▶ Exercise brief
Your answer should be the lines below from the one holding "NeeTim Moissanite Tennis" through the one holding "Black Elegant Women's", copied exactly and with nothing else.

▶ Provided records
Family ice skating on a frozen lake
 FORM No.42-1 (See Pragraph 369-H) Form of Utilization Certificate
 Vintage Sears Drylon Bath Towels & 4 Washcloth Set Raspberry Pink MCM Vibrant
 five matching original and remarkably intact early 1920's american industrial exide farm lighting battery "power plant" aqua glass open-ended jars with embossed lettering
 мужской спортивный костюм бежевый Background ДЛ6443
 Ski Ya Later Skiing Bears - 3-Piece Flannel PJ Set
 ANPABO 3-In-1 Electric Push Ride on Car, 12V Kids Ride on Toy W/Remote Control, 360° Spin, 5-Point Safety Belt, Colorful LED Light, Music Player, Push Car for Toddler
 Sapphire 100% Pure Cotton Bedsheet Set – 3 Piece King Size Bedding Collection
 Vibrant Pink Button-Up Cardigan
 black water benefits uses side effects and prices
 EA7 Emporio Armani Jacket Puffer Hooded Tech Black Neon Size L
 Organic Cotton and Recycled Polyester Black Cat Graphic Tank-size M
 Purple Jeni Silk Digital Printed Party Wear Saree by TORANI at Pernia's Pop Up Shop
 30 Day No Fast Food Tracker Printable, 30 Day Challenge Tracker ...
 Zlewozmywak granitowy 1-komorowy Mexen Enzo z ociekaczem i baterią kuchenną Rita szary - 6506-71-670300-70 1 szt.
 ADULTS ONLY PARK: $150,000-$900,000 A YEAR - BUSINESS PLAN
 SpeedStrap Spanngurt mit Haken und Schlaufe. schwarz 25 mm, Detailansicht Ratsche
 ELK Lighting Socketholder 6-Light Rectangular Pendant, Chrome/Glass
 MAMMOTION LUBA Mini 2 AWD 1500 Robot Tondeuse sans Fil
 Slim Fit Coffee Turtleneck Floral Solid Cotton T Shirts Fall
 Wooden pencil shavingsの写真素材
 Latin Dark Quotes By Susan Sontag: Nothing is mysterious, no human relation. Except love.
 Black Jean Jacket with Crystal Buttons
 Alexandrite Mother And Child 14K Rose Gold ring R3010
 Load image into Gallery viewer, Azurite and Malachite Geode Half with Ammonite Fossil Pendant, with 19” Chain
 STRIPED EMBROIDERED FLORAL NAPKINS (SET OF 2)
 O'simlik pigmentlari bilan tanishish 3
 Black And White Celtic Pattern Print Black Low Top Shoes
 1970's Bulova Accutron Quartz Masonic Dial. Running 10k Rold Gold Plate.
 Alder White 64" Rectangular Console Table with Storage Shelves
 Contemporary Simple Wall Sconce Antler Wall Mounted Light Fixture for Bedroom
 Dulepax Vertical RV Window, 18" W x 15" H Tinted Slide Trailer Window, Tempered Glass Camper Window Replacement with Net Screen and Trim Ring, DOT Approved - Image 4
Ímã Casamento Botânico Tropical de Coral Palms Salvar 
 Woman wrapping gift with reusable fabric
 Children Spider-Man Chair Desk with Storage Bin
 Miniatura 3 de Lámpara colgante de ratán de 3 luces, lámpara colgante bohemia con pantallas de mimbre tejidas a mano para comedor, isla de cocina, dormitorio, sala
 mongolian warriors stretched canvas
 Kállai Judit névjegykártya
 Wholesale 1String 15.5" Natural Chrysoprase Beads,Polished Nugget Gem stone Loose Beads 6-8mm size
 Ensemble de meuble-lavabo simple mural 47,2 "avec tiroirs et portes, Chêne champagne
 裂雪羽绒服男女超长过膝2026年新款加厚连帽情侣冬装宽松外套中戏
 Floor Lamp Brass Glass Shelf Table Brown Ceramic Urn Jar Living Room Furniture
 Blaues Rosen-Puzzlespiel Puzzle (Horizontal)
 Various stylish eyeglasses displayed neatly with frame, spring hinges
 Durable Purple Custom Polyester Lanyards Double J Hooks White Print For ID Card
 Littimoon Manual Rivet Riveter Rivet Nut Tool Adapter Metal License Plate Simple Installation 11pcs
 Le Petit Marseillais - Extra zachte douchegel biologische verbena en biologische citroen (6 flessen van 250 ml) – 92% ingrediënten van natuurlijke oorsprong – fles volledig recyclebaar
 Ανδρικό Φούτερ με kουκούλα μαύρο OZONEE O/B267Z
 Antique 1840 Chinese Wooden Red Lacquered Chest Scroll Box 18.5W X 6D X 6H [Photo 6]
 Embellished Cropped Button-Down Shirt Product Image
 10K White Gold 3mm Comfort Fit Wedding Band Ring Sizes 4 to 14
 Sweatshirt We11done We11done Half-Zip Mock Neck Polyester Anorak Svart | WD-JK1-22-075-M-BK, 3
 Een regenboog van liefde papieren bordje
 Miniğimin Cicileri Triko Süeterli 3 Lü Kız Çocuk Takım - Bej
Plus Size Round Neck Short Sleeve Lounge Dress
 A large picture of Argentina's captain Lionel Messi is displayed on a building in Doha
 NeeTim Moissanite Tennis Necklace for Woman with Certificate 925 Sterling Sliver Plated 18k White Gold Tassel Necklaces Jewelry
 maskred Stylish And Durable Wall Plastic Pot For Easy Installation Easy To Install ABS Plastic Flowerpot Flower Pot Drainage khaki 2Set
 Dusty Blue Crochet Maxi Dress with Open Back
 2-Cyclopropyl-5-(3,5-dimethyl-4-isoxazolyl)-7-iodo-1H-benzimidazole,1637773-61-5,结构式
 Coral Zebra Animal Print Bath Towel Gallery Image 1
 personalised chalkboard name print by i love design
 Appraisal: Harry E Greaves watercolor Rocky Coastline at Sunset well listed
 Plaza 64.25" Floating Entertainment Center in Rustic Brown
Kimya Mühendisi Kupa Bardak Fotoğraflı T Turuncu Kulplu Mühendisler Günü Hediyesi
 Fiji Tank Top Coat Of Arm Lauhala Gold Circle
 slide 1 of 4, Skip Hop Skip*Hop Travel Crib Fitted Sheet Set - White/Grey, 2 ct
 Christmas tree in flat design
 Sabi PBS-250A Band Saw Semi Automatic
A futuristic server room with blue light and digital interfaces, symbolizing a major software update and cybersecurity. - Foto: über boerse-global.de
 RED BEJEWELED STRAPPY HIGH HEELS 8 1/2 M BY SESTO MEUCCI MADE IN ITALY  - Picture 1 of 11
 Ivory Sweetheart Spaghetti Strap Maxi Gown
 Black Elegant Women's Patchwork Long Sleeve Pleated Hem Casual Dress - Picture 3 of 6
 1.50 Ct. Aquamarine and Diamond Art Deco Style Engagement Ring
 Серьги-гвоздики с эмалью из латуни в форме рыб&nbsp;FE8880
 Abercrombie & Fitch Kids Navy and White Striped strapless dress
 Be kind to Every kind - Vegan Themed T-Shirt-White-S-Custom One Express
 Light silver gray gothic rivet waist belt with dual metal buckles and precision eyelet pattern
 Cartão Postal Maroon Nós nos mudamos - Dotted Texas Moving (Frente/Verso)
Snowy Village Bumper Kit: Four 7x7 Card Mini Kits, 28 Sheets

▶ Problem solution
 NeeTim Moissanite Tennis Necklace for Woman with Certificate 925 Sterling Sliver Plated 18k White Gold Tassel Necklaces Jewelry
 maskred Stylish And Durable Wall Plastic Pot For Easy Installation Easy To Install ABS Plastic Flowerpot Flower Pot Drainage khaki 2Set
 Dusty Blue Crochet Maxi Dress with Open Back
 2-Cyclopropyl-5-(3,5-dimethyl-4-isoxazolyl)-7-iodo-1H-benzimidazole,1637773-61-5,结构式
 Coral Zebra Animal Print Bath Towel Gallery Image 1
 personalised chalkboard name print by i love design
 Appraisal: Harry E Greaves watercolor Rocky Coastline at Sunset well listed
 Plaza 64.25" Floating Entertainment Center in Rustic Brown
Kimya Mühendisi Kupa Bardak Fotoğraflı T Turuncu Kulplu Mühendisler Günü Hediyesi
 Fiji Tank Top Coat Of Arm Lauhala Gold Circle
 slide 1 of 4, Skip Hop Skip*Hop Travel Crib Fitted Sheet Set - White/Grey, 2 ct
 Christmas tree in flat design
 Sabi PBS-250A Band Saw Semi Automatic
A futuristic server room with blue light and digital interfaces, symbolizing a major software update and cybersecurity. - Foto: über boerse-global.de
 RED BEJEWELED STRAPPY HIGH HEELS 8 1/2 M BY SESTO MEUCCI MADE IN ITALY  - Picture 1 of 11
 Ivory Sweetheart Spaghetti Strap Maxi Gown
 Black Elegant Women's Patchwork Long Sleeve Pleated Hem Casual Dress - Picture 3 of 6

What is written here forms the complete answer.